My father was blind, which makes the topic of disabled access dear to my heart.
As a kid, I had to learn not to do things like leave things in the floor for him to trip on, so I'm naturally more aware of the ramifications of limited access and how much sighted people take for granted.
Have you ever stopped to think about what it would be like to not be able to see a website, though, or use a mouse to navigate a site? Or what you have on your site that could, in effect, trip someone up?
About 8 million people in the US are blind or have a significant vision impairment, making it difficult or impossible for them to see your site. Another 20 million people have difficulty lifting or grasping, which can affect their ability to use a mouse or keyboard to navigate.
Recently I had a feature about accessible websites in Collective Hub magazine, which is sold in print in 37 countries and digitally worldwide.
It's a short article and just an intro into basic things you can do, but these techniques also affect your website's search engine optimization (SEO). You can read it here.

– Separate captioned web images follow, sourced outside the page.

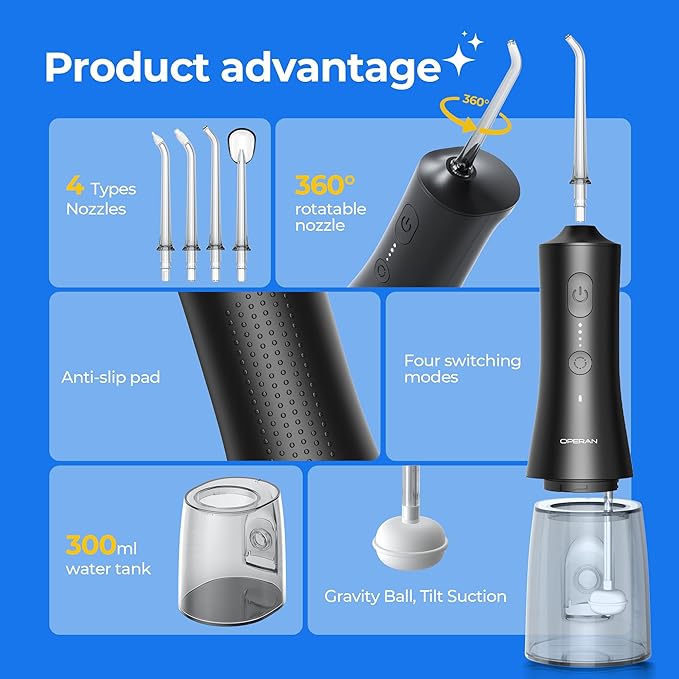 Operan 300ml Cordless Water Dental Flosser, Portable Water Flossers for Teeth, 4 Pulse Modes IPX7 Waterproof Oral Irrigator with 4 Tips, 21 Days Runtime for Travel, Home, Braces, Gum Care, Black+1Pack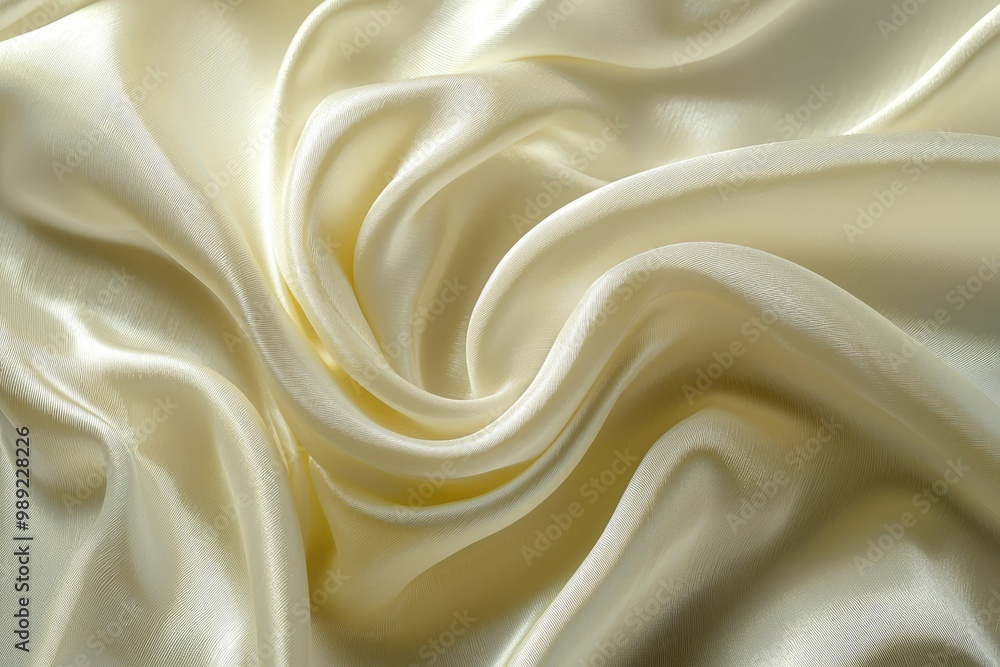 Close-up of a Creamy White Fabric with Soft Drapes and Subtle Texture Close-up of a Creamy White Fabric with Soft Drapes and Subtle Texture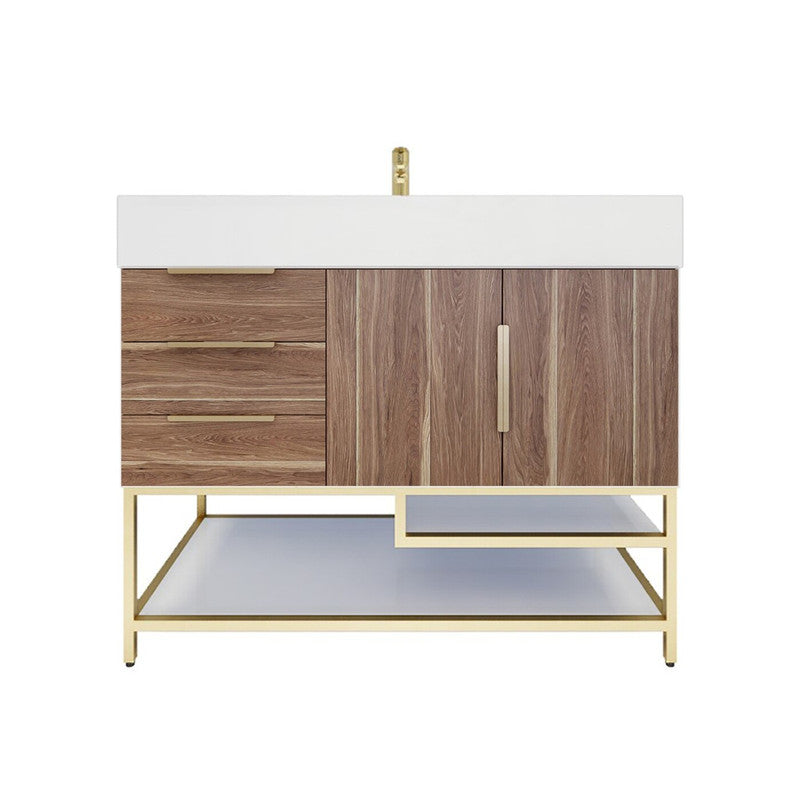 Moreno Bath BETHANYFS42-L Bethany 42'' Freestanding Art Deco Bathroom Vanity Set with Reinforced Acrylic Sink Top (Left Side Drawers) - view 14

Advanced accessibility techniques
Beyond these basic considerations, there are other things you can do to make your website accessible to disabled users, such as:
- develop it in a way that lets users navigate using only their keyboard,
- provide the ability for visitors to change the display to high contrast, and
- test your site for color-blindness.
Everyone should cover the basics
The importance of accessibility can vary widely according to your target audience, but even if you don't incorporate advanced techniques as in the bullet list, everyone should cover the basics.
You're helping website visitors while helping your own SEO, and the basics in the article aren't difficult or expensive. They're actually best practices for any website, so ignore them at your own peril.